TASK DESCRIPTION => Print the lines below word for word, beginning with the first and ending with the line that holds "Swan_Fujifilm X-H2S_2024__DSF2591-RAF", and skip every picture.

DATASET CONTENT below:

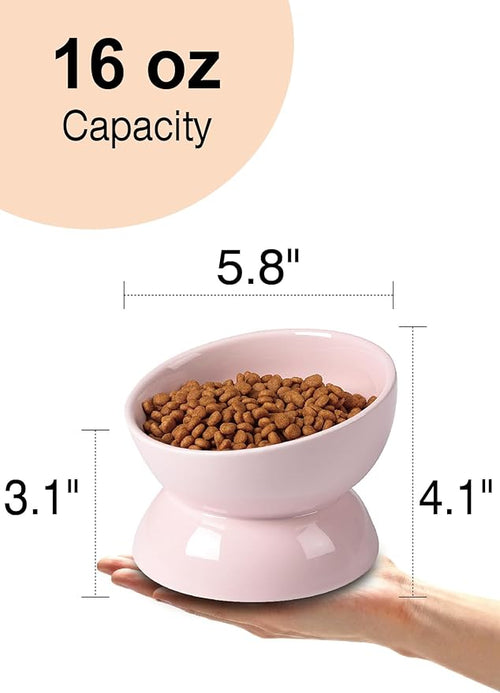 ABRUTY Cat Water Bowl, 16 OZ Ceramic Elevated Cat Bowls, 15° Tilted and Raised Pet Food Dish, Anti Vomiting Protect Pets' Spines and Whisker Fatigue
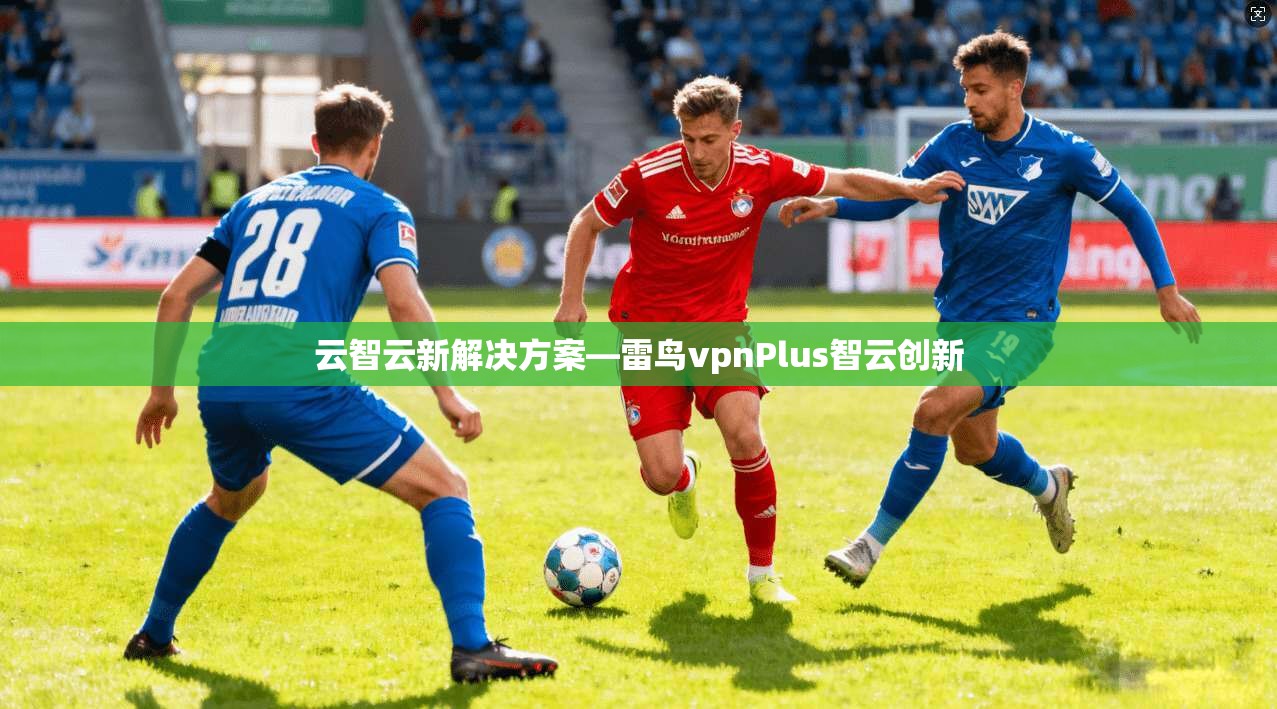 云智云新解决方案—雷鸟vpnPlus智云创新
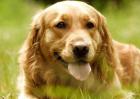 金毛犬多少钱一只？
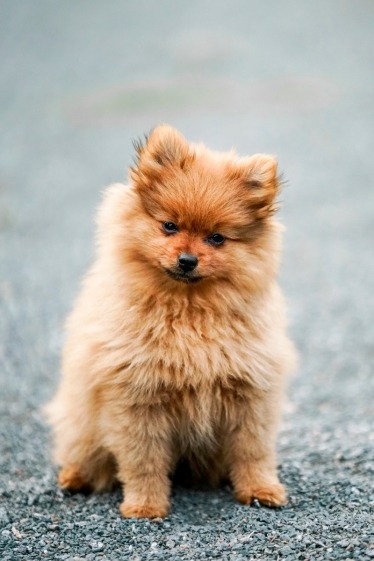 Can a Pomeranian Wear a Harness? 5 Brown Pomeranian puppy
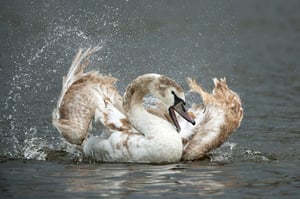 Swan_Fujifilm X-H2S_2024__DSF2591-RAF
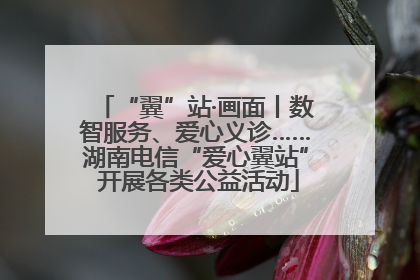 “翼”站·画面丨数智服务、爱心义诊……湖南电信“爱心翼站” 开展各类公益活动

End of DATASET CONTENT.

COMPLETED EXERCISE =>
 ABRUTY Cat Water Bowl, 16 OZ Ceramic Elevated Cat Bowls, 15° Tilted and Raised Pet Food Dish, Anti Vomiting Protect Pets' Spines and Whisker Fatigue
 云智云新解决方案—雷鸟vpnPlus智云创新
 金毛犬多少钱一只？
 Can a Pomeranian Wear a Harness? 5 Brown Pomeranian puppy
 Swan_Fujifilm X-H2S_2024__DSF2591-RAF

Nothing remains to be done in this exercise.